Does eigenvectors of a matrix change during matrix operations? If I have a matrix $A$ with two eigenvectors $x$ and $y$. 
What will be the eigenvectors of 
$$A^2 - 3A + 4I ?$$
I know that if we take powers of $A$ then the eigenvectors remain unchanged. But I am not quite sure about the above matrix .
 A: If $\lambda$ is an eigenvalue of $A$ with eigenvector $v$,
$Av = \lambda v, \tag{1}$
and $p(A)$ is a polynomial in $A$,
$p(A) = \sum_0^n p_i A^i, \tag{2}$
then $p(\lambda)$ is an eigenvalue of $p(A)$, also with eigenvector $v$, since
$p(A)v = (\sum_0^n p_i A^i)v = \sum_0^n p_i A^iv = \sum_0^n p_i \lambda^i v = (\sum_0^n p_i \lambda^i)v = p(\lambda)v; \tag{3}$
thus if 
$p(A) = A^2 -3A + 4I, \tag{4}$
then
$p(A)v = (\lambda^2 - 3\lambda + 4)v. \tag{5}$
If $x$ and $y$ are two eigenvectors of $A$, the above indicates they will also be eigenvectors of $p(A)$.
A: Evaluation of polynomials of a matrix is compatible with change of basis, in other words taking a polynomial of $A$ and then doing a change of basis has the same effect as doing the change of basis directly on$~A$ and then evaluating the same polynomial of the resulting matrix.

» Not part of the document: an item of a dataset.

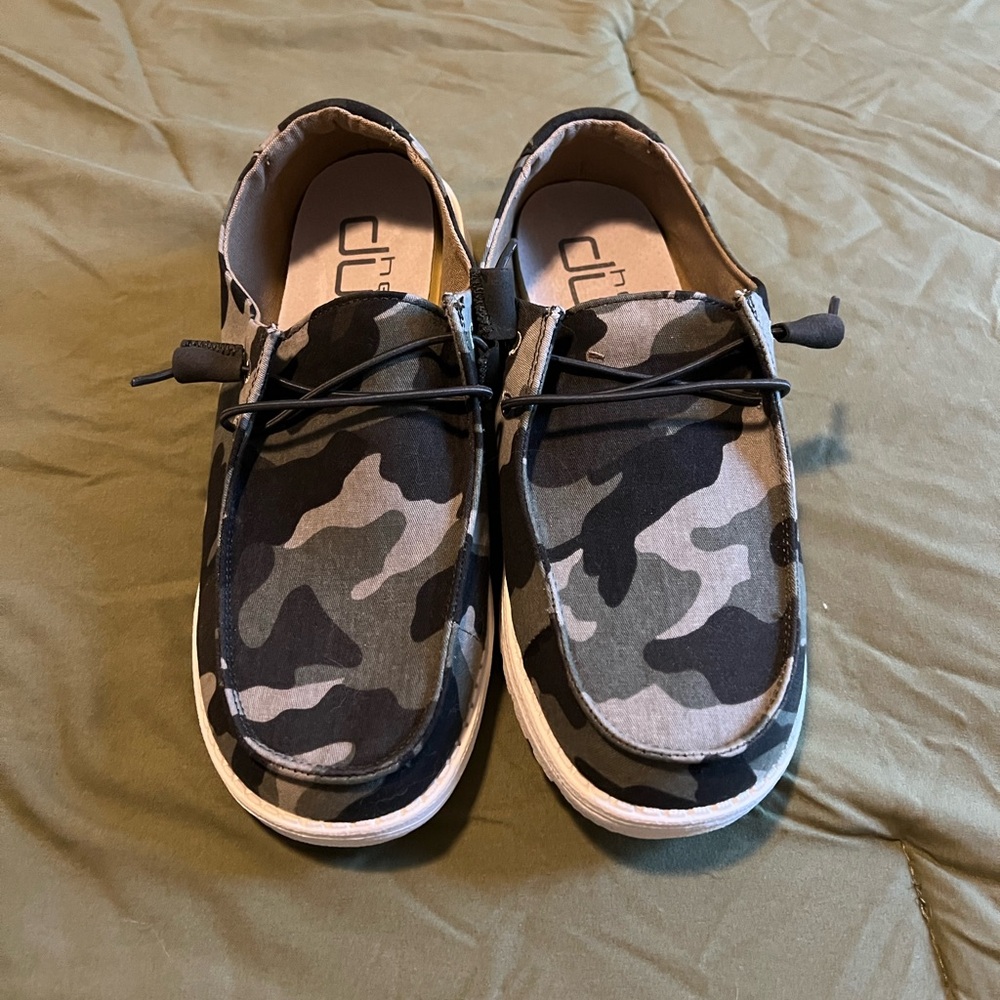 WOMEN’S CAMO HEY DUDES, NEW NO TAGS, SIZE 8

You can check this by explicit computation using the formula for change of basis (the basic case is where the polynomial is just taking some $k$-th power), but it is more insightful to say that evaluating a polynomial of a linear operator (defined by $A$  relative to a given basis) is well defined, regardless of the coordinates used to describe such an operator, and changing bases is just a switch between two points of view of the same situation.

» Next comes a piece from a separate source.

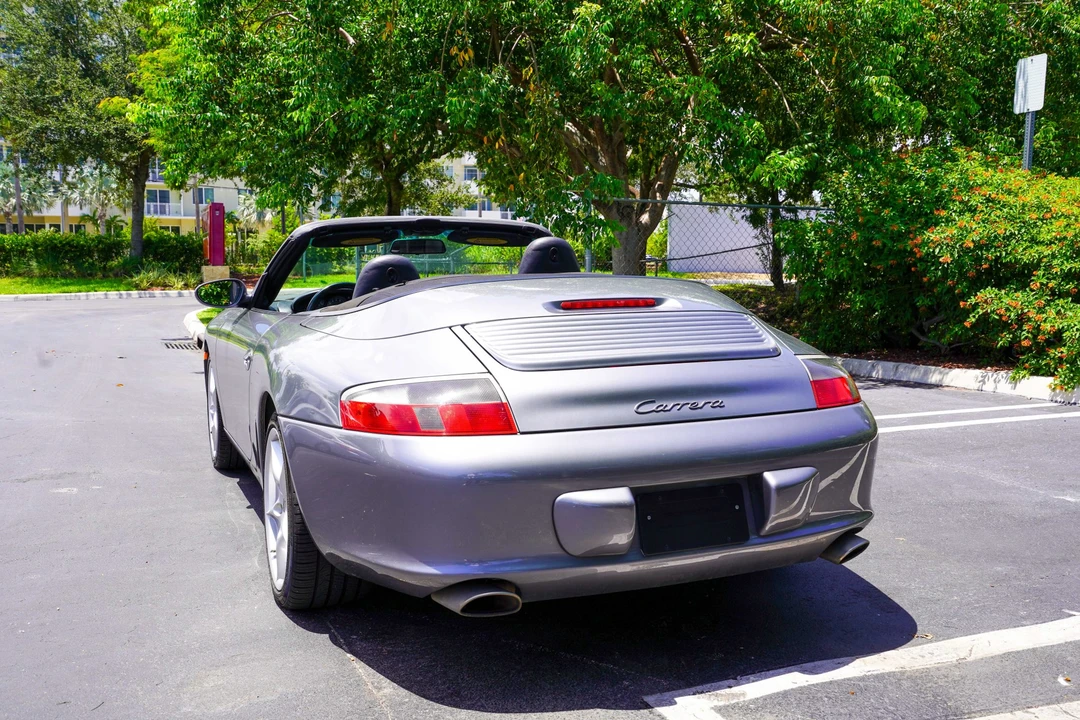 2002 Porsche 996 Carrera - Image 9 of 31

Then if $A$ is diagonalisable, you can do a change of basis to a situation in which the matrix is actually diagonal, and your question becomes whether a polynomial of a diagonal matrix is still a diagonal matrix, and what can be said of their diagonal entries. Since the set of diagonal matrices is closed under addition, multiplication, and scalar multiplication, the first question has an affirmative answer, and it is clear that evaluating a polynomial $P$ replaces each diagonal entry $a$ by the evaluation $P[a]$.
A: If we have $Ax=\lambda x$, then this implies $$(A^2-3A+4I)x=A^2x-3Ax+4x=\lambda^2x-3\lambda x+4x=(\lambda^2-3\lambda+4)x$$ hence $x$ is an eigenvector of $A^2-3A+4I$ to the eigenvalue $\lambda^2-3\lambda+4$